Background/Purpose: The field of autoimmunity may benefit from the knowledge gained by studying immune checkpoint inhibitors (ICIs). These agents have shown enormous efficacy in oncology by (re)activating T-cells to assault cancer cells, but come at the cost of immune-related adverse events (irAEs). Since ICI’s mode of action is not antigen-specific, we hypothesized that tolerance may be broken not only to tumor antigens but also to autoantigens, leading to the formation of autoantibodies. Therefore, we investigated whether patients treated with ICIs develop autoantibodies, and whether this trait is associated irAEs and ICI efficacy.

Methods: In pre- and post-treatment sera of 133 ipilimumab (anti-CTLA4)-treated melanoma patients, we determined 23 common clinical autoantibodies associated with autoimmune diseases (Figure 1). The association between autoantibody development and irAEs (under ipilimumab or subsequent anti-PD-1 therapy), best overall response, and overall survival was investigated.

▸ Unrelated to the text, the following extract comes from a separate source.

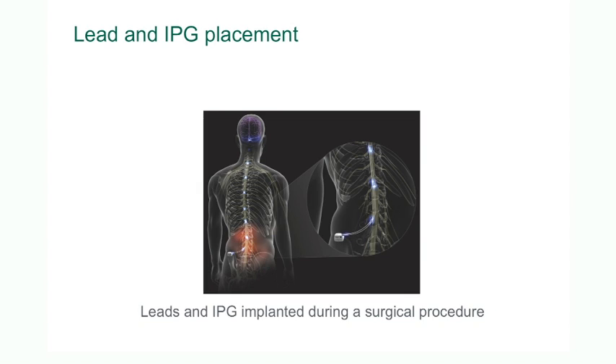The battery is placed under the skin, either in the back or in the abdomen, depending on patient preference. The ends of the electrodes are plugged into the implantable pulse generator, or battery.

Results: Autoantibodies developed in 19.2% (19/99) of pre-treatment autoantibody-negative patients (p<0.0001; Figure 1). A non-significant association was observed between development of any autoantibodies and any irAEs: 5/19 (78.9%) patients that developed any autoantibodies had irAEs, versus 46/80 (57.5%) patients that did not develop autoantibodies (OR: 2.92 [95% CI: 0.85 to 10.01]). Predominantly anti-TPO (4.8%, 6/125) and anti-TG antibodies (6.0% , 8/132) developed (p=0.03 and p=0.008, respectively). Patients with anti-thyroid antibodies after ipilimumab had significantly more thyroid dysfunction under subsequent anti-PD-1 therapy: 7/11 (54.6%) patients with anti-thyroid antibodies after ipilimumab developed thyroid dysfunction under anti-PD1, versus 7/49 (14.3%) patients without antibodies (OR: 9.96 [95% CI: 1.94 to 51.1]). For most other autoantibodies, including RA-associated antibodies, post-treatment positivity increased only marginally and was not associated with occurrence of irAEs in the organ system related to the autoantibody specificity. Becoming autoantibody positive showed a trend towards better overall survival (HR for all-cause death: 0.66 [95% CI: 0.34 to 1.26]; Figure 2) and therapy response (OR: 2.64 [95% CI: 0.85 to 8.16]).

Conclusion: Breaking of humoral tolerance as measured by development of autoantibodies is relatively common under treatment with ipilimumab and holds promise as a marker of ICI toxicity and efficacy. The nature of the autoantigens towards which tolerance is broken is not reflected in the phenotype of the irAEs.